Originally posted Tuesday, May 29, 2012
As the South Carolina House has passed a gold bill, currently due for consideration in its Senate, an historically colorful connection emerges.
One of Edgar Allen Poe’s most famous and influential stories, The Gold-Bug, was set on Sullivan’s Island in South Carolina.
“Gold Bug” is a familiar epithet for proponents of the gold standard.
(The William McKinley presidential campaign appropriated it as a theme used as a campaign lapel pin — much as the American colonial revolutionaries appropriated “Yankee Doodle” from an epithet used to ridicule them by the British.)
Poe’s story begins:
MANY years ago, I contracted an intimacy with a Mr. William Legrand. He was of an ancient Huguenot family, and had once been wealthy; but a series of misfortunes had reduced him to want. To avoid the mortification consequent upon his disasters, he left New Orleans, the city of his forefathers, and took up his residence at Sullivan’s Island, near Charleston, South Carolina.
Poe describes the bug:
It was a beautiful scarabaeus, and, at that time, unknown to naturalists — of course a great prize in a scientific point of view. There were two round, black spots near one extremity of the back, and a long one near the other. The scales were exceedingly hard and glossy, with all the appearance of burnished gold.
… which is to serve as a plumb weight in locating the buried treasure.
In its climactic scene:
We now worked in earnest, and never did I pass ten minutes of more intense excitement. During this interval we had fairly unearthed an oblong chest of wood, which, from its perfect preservation, and wonderful hardness, had plainly been subjected to some mineralizing process — perhaps that of the Bi-chloride of Mercury. This box was three feet and a half long, three feet broad, and two and a half feet deep. It was firmly secured by bands of wrought iron, riveted, and forming a kind of trellis-work over the whole. On each side of the chest, near the top, were three rings of iron — six in all — by means of which a firm hold could be obtained by six persons. Our utmost united endeavors served only to disturb the coffer very slightly in its bed. We at once saw the impossibility of removing so great a weight. Luckily, the sole fastenings of the lid consisted of two sliding bolts. These we drew back — trembling and panting with anxiety. In an instant, a treasure of incalculable value lay gleaming before us. As the rays of the lanterns fell within the pit, there flashed upwards, from a confused heap of gold and of jewels, a glow and a glare that absolutely dazzled our eyes.

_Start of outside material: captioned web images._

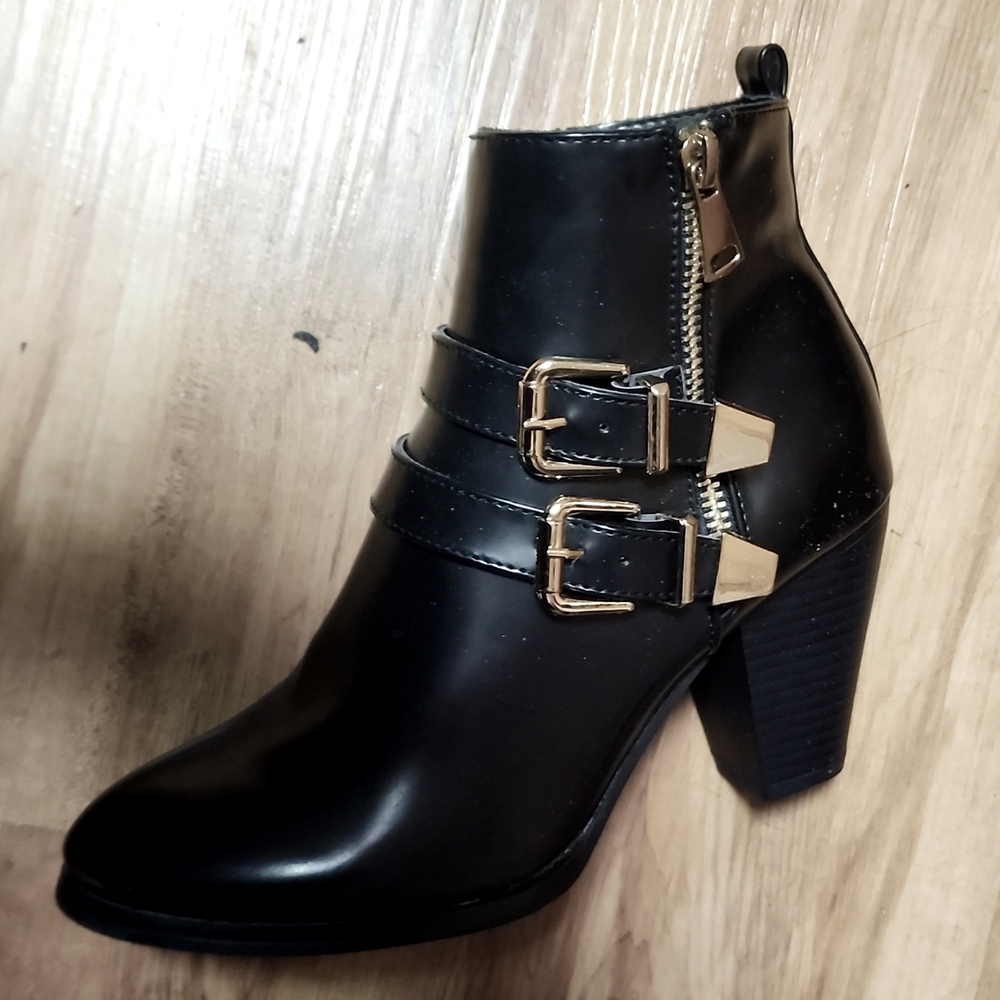 Black booties with zipper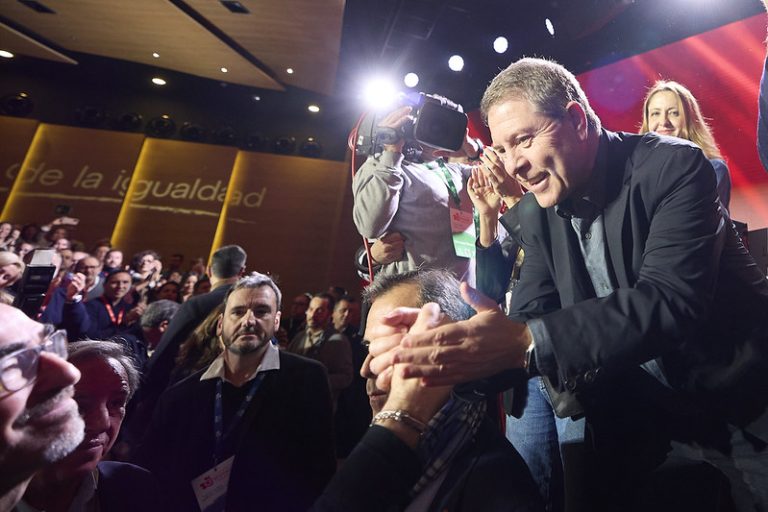 El PSOE-CLM ovaciona a Page y reivindica la igualdad frente a Cataluña mientras Pedro Sánchez evita el choque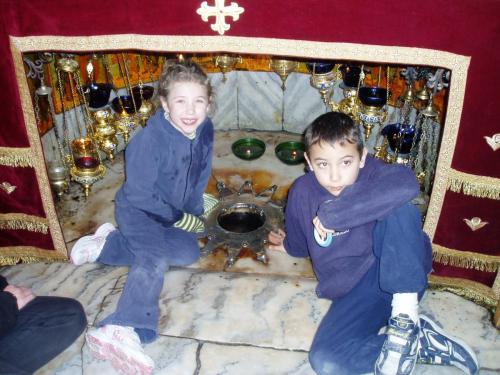 28-Israel-Kids-in-Bethlehem-Manger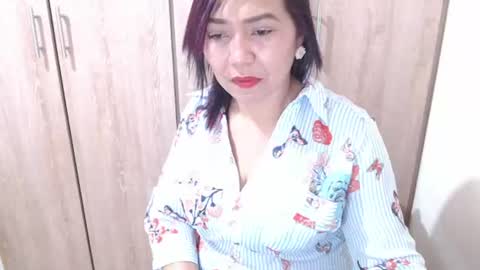 dannamomcerratt online show from August 12, 10:34 pm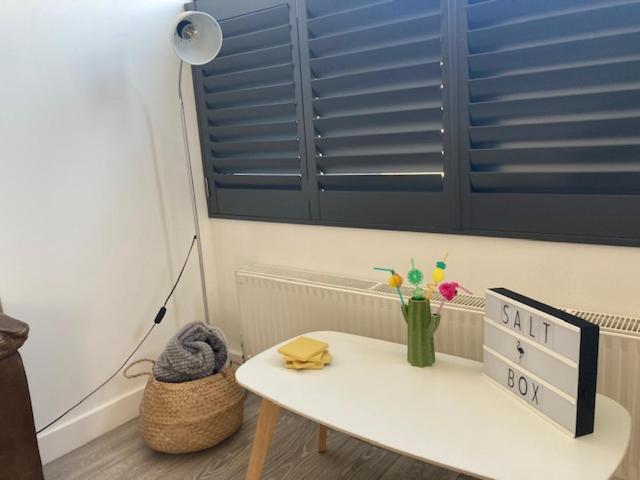 The Salt Box- Lovely Refurbished Annexe, Free Parking, Walk To Porth Beach. Saint Columb Minor Εξωτερικό φωτογραφία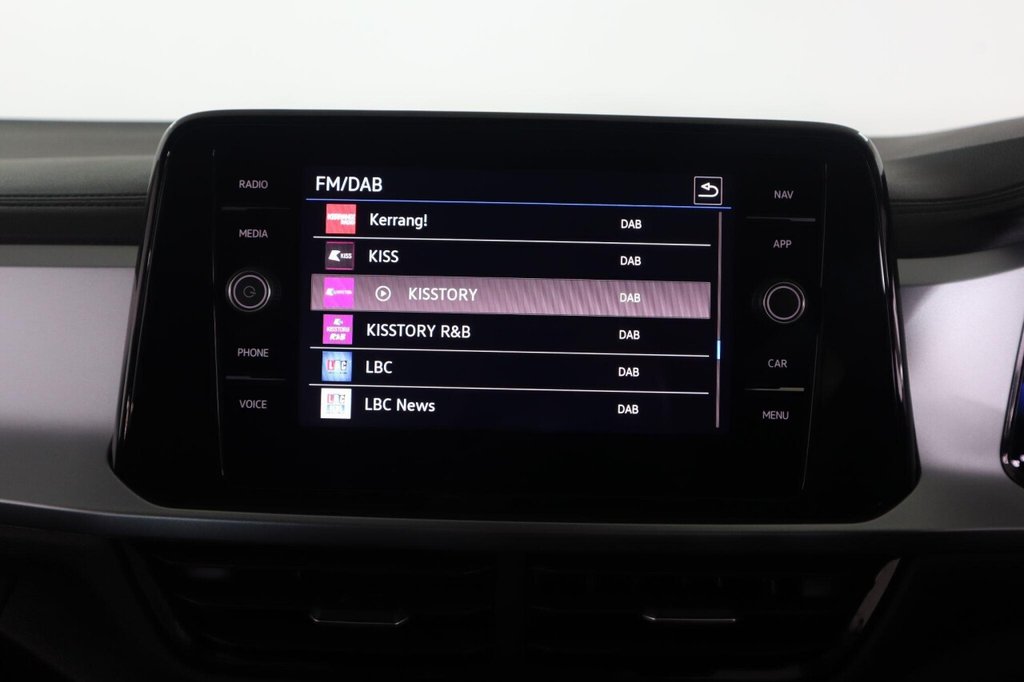 Used Volkswagen T-Roc 2024 for sale - 77905177: Photo 32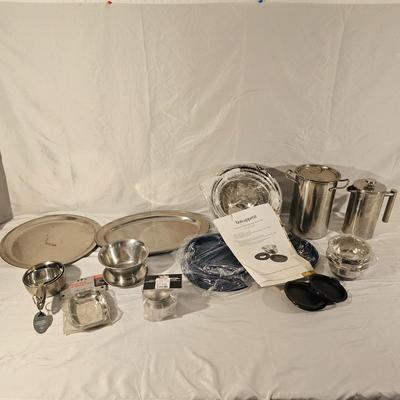 Assorted Stainless Steel Kitchen Items (K-JS)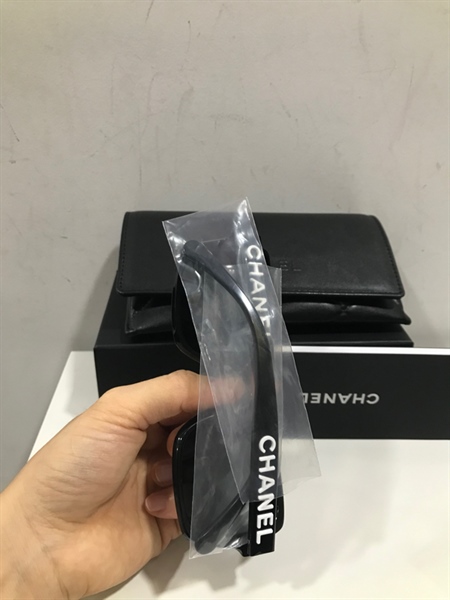Kính Chanel Đen Chữ Trắng+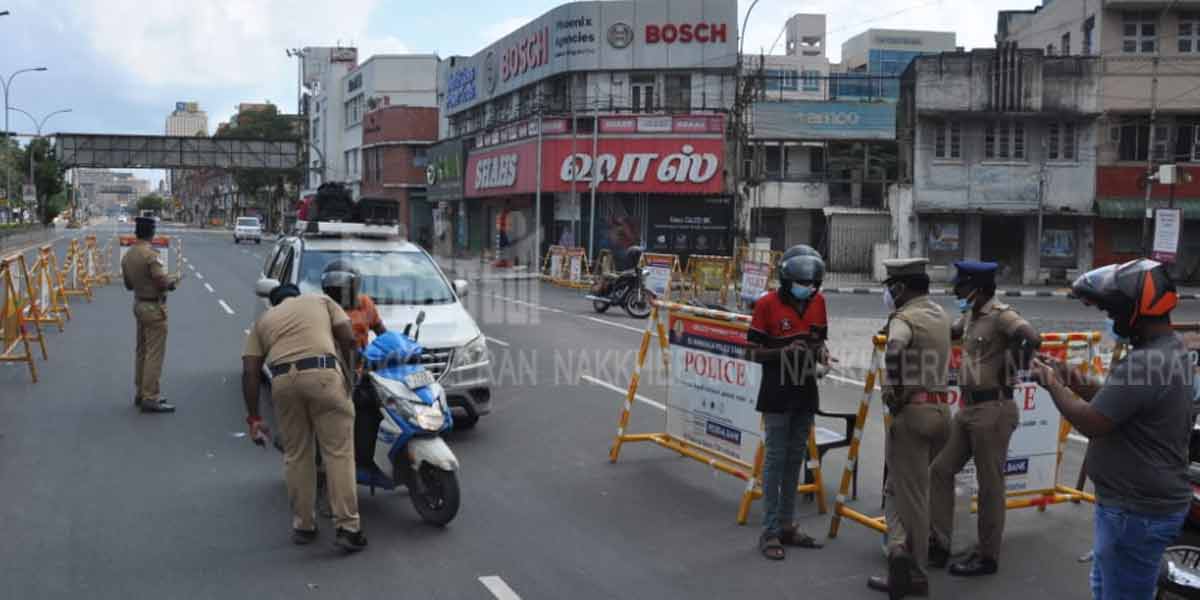 Full curfew ... Police in vehicle check (Pictures)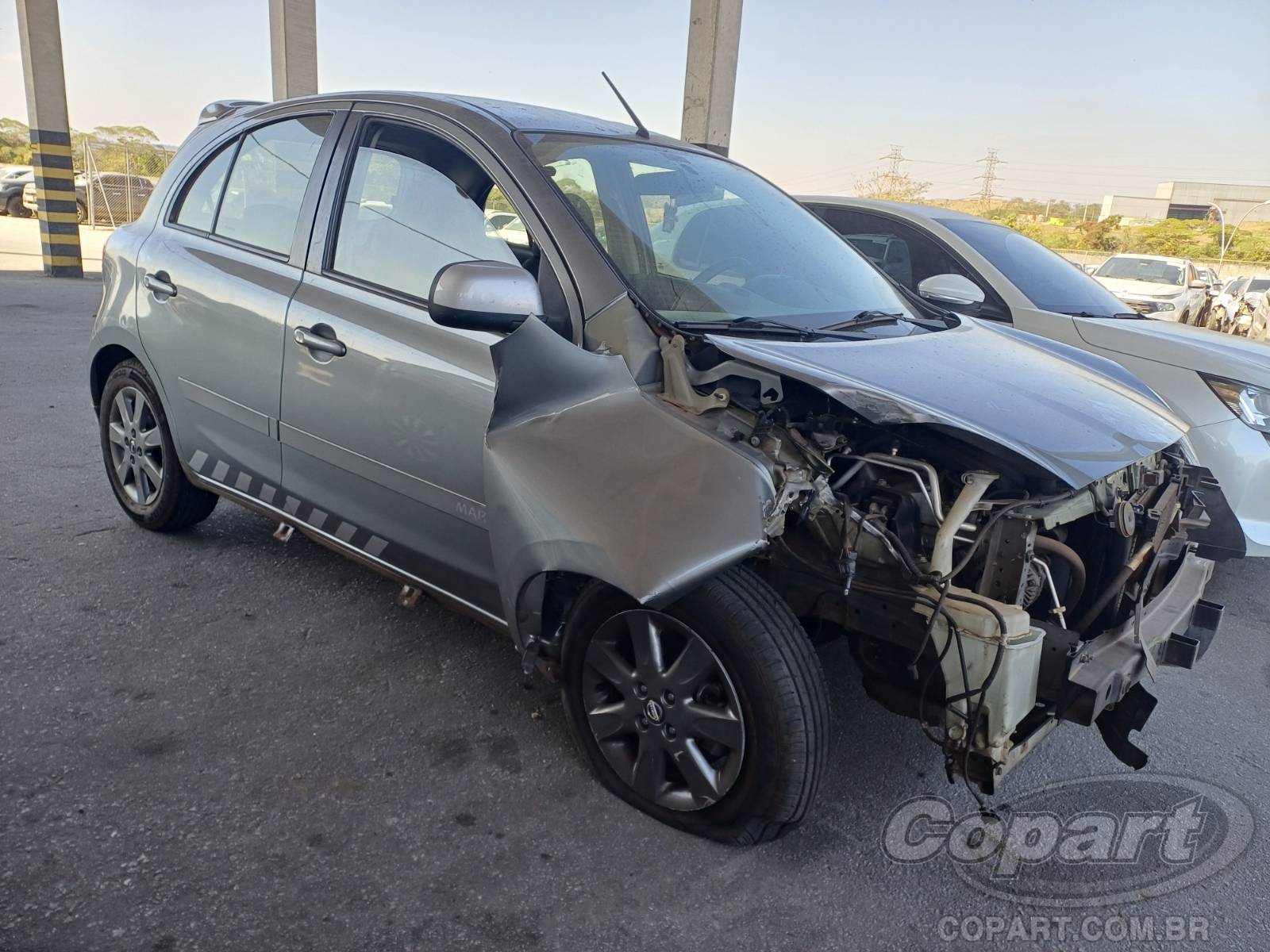 Veículo Nissan March Nissan March SR 1.6 16V 2013 2013 em leilão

Gold has been, for recorded history, and remains today, integral to human culture and human imagination. It is no more the property of any party or faction than is oxygen, is iconic, and uniquely well suited to the role of a neutral monetary base. Gold has integrity and has proven, over millenia, to hold value and create a strong, supple, framework for enterprise and for personal, national, and world prosperity.